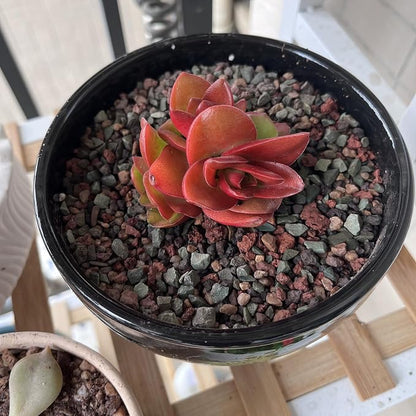 Mixed Color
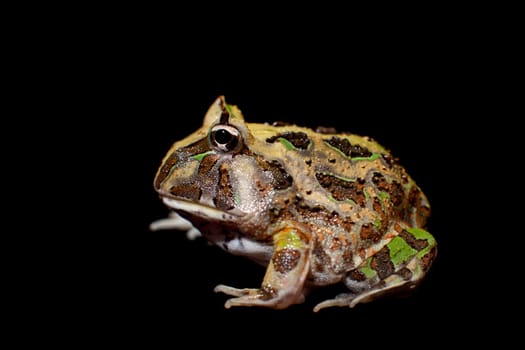 The Brazilian horned frog, Ceratophrys aurita, isolated on black background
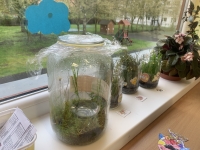 Př&iacute;běh O de&scaron;ťov&eacute; kapičce v Beru&scaron;k&aacute;ch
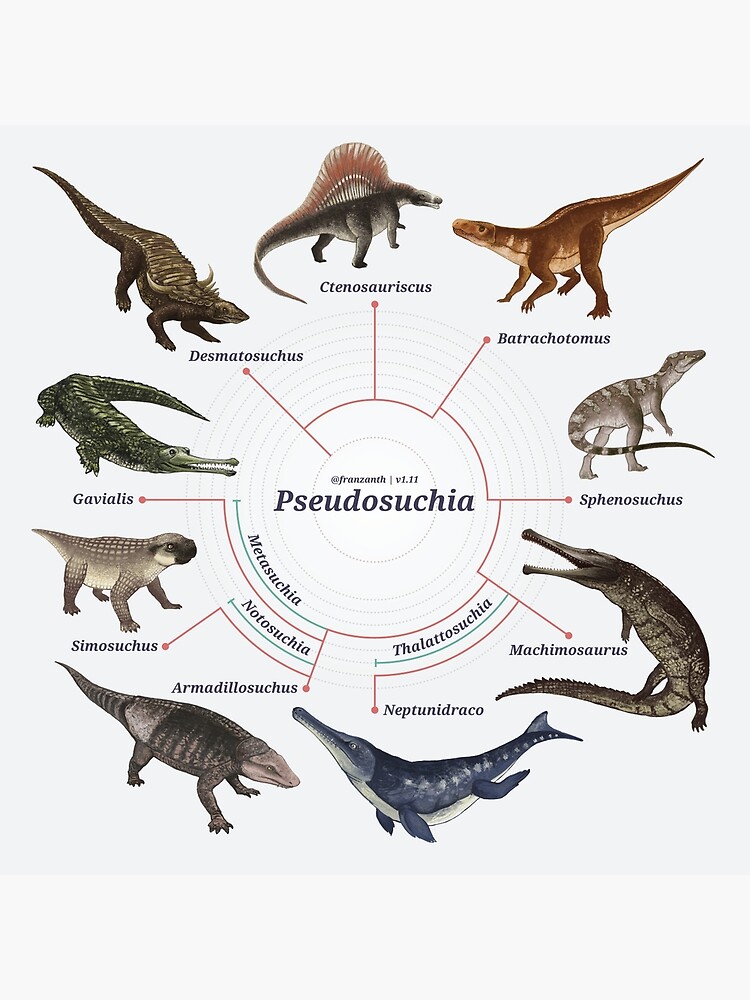 Pseudosuchia: The Cladogram by franzanth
-*-
Problem details :: Type the listing above out again exactly, and omit all pictures.

Task output ::
 Mixed Color
 The Brazilian horned frog, Ceratophrys aurita, isolated on black background
 Př&iacute;běh O de&scaron;ťov&eacute; kapičce v Beru&scaron;k&aacute;ch
 Pseudosuchia: The Cladogram by franzanth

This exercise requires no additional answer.